On 13 July 2018, the Commercial Court handed down a decision in PAO Tatneft’s effort to enforce its US$112 million BIT award against the state of Ukraine (under section 101 of the Arbitration Act 1996). (PAO Tatneft v Ukraine [2018] EWHC 1797 (Comm)).

The award concerned the direct and indirect shareholdings of PAO Tatneft in a company known as Ukrtatnafta, which owned and operated the Kremenchug Refinery. Broadly, the award found Ukraine to be liable to PAO Tatneft in respect of two claims: for breach of the fair and equitable treatment standard (“FET”) in relation to (i) its own shares in Ukrtatnafta; and (ii) PAO Tatneft’s shareholding in a Swiss entity and a US entity, each of which held shares in Ukrtatnafta.

Ukraine claimed that it was entitled to state immunity on the basis that section 9 of the State Immunity Act 1978 did not apply because the arbitration agreement contained in the BIT did not confer jurisdiction on the tribunal in respect of the matters it purported to decide (or at least in respect of some of them). In particular, Ukraine contended: (i) that by the BIT Ukraine did not agree to submit to arbitration any claim for breach of the FET standard because the BIT did not itself include that standard and it was not incorporated by means of the Most Favoured Nation provision in the BIT (as Tatneft contended); (ii) alternatively, that Ukraine did not agree to submit to arbitration the claim in respect of the Swiss and US entities because (a) it did not relate to an investment by Tatneft in Ukraine (“the No Investment Point”); or (b) because Tatneft had only acquired its shares in those companies after the dispute had arisen or at a time when the dispute was reasonably foreseeable and for the purposes of bringing the dispute within the scope of the BIT.

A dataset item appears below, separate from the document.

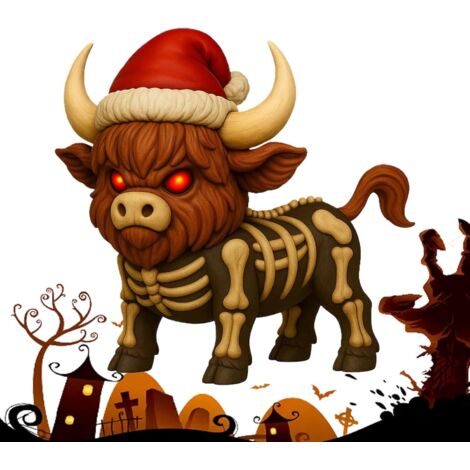 Figurine Vache Highland Décorations d'halloween Figurine de Veau Écossais (1/5)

Mr Justice Butcher ruled against Ukraine on each of these grounds (but gave permission to appeal on the No Investment Point (only)).

Ukraine also contended that PAO Tatneft had failed in its duty of full and frank disclosure. Mr Justice Butcher also rejected that contention and refused permission to appeal in respect of it.

Three members of Essex Court Chambers appeared in this matter: David Foxton QC and Emily Wood on behalf of PAO Tatneft, instructed by Sunil Gadhia and Cameron Murphy of Cleary Gottlieb; Anton Dudnikov on behalf of Ukraine, instructed by Maria Kostytska of Winston Strawn.